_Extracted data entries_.
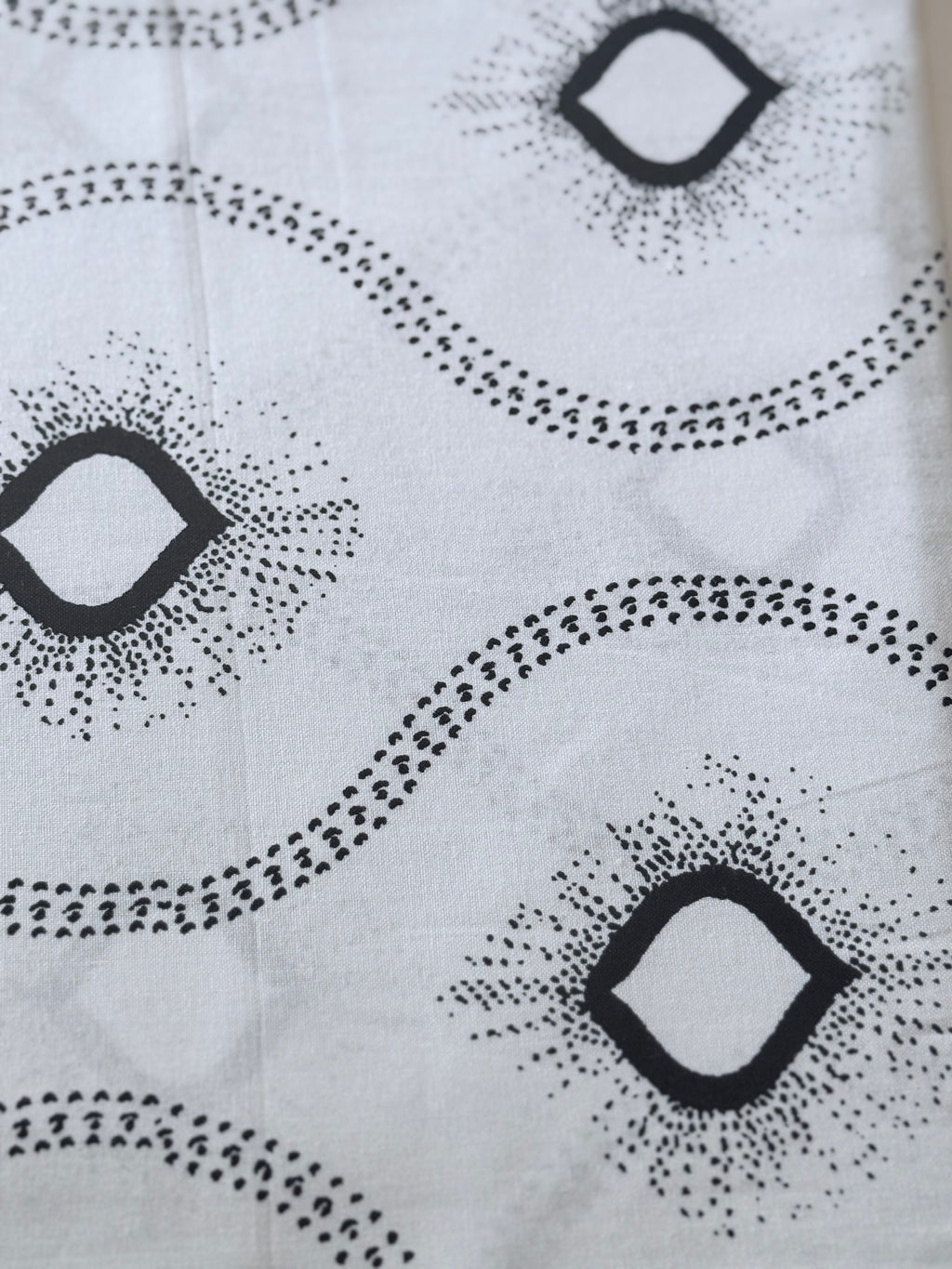 Noir et Blanc | Woodin – 100% Cotton sold by the yard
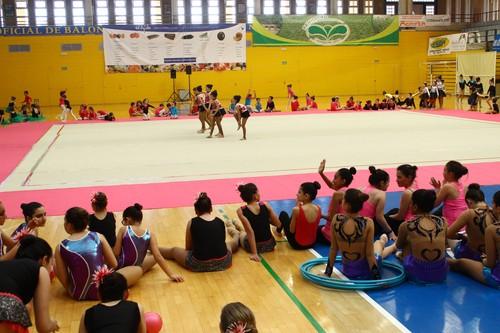 Los I Juegos Deportivos Municipales de Gimnasia Rítmica llenan el pabellón ejidense de colorido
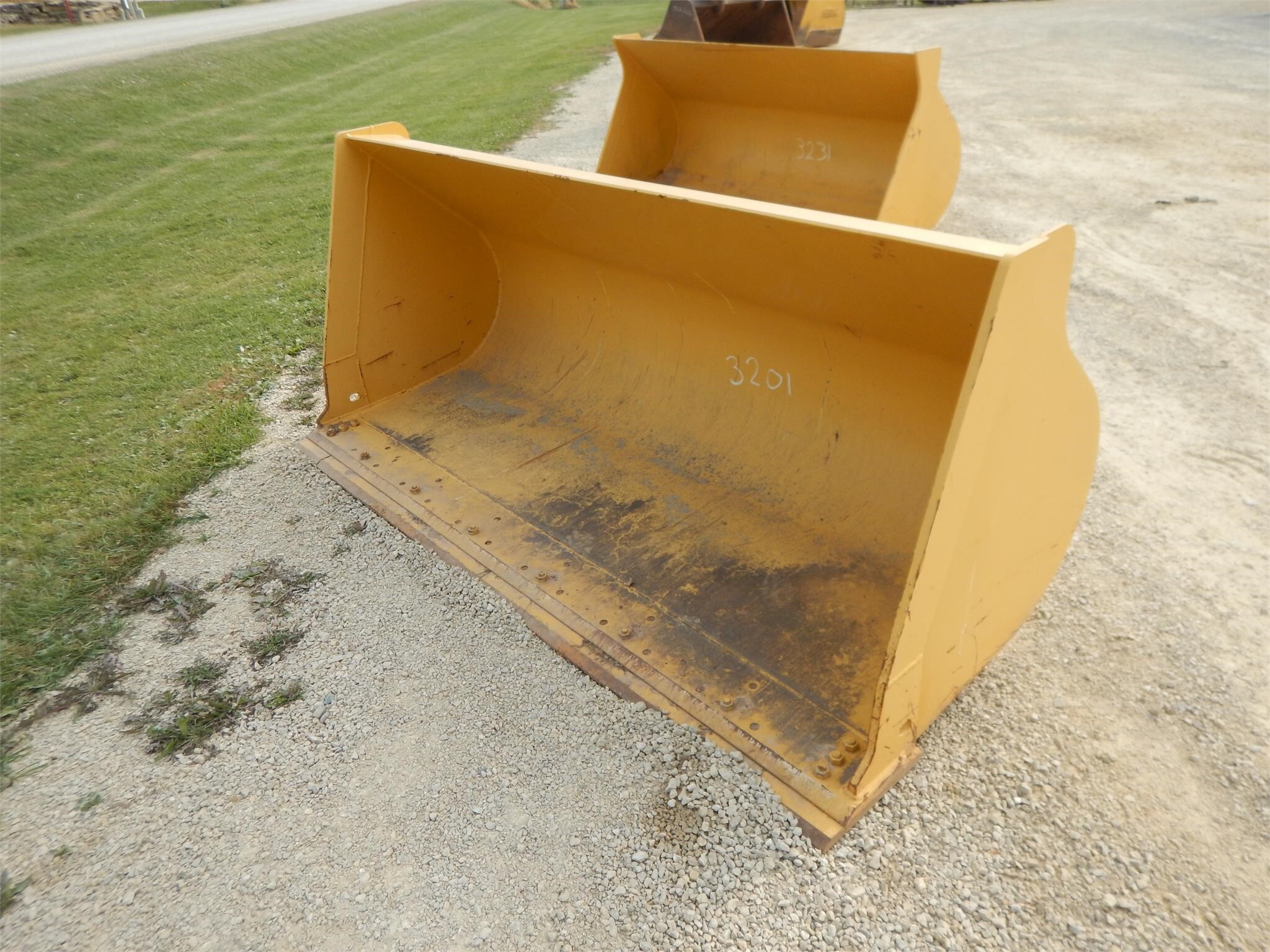 DEERE Attachment in Dover, MN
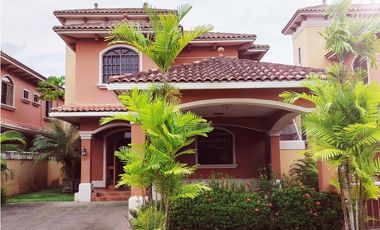 SE AQLUILA CASA EN PH EL DORAL COSTA SUR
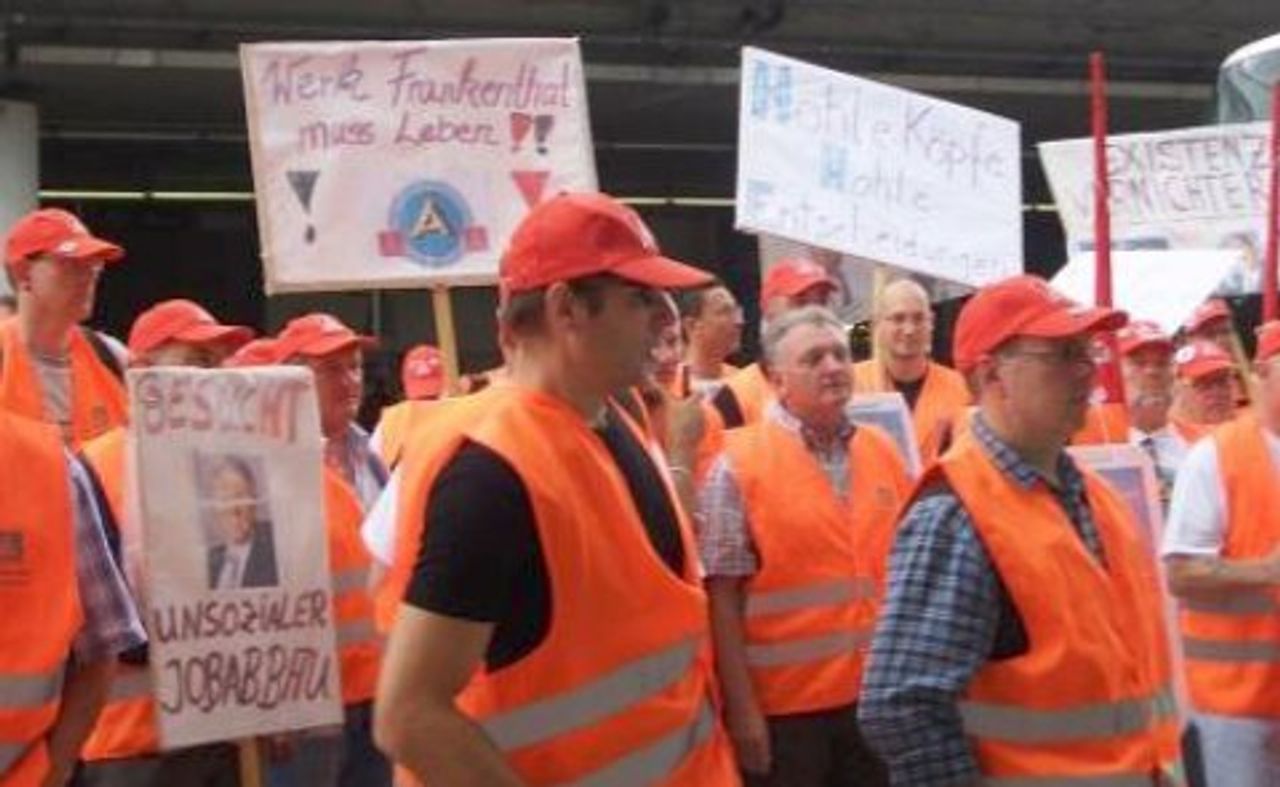 KBA-Beschäftigte demonstrieren am Flughafen Frankfurt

_Exercise details_. Print exactly the lines from the first line of the records above through the line containing "SE AQLUILA CASA EN PH EL DORAL COSTA SUR", both included, and leave the pictures out.

_Result of this exercise_.
 Noir et Blanc | Woodin – 100% Cotton sold by the yard
 Los I Juegos Deportivos Municipales de Gimnasia Rítmica llenan el pabellón ejidense de colorido
 DEERE Attachment in Dover, MN
 SE AQLUILA CASA EN PH EL DORAL COSTA SUR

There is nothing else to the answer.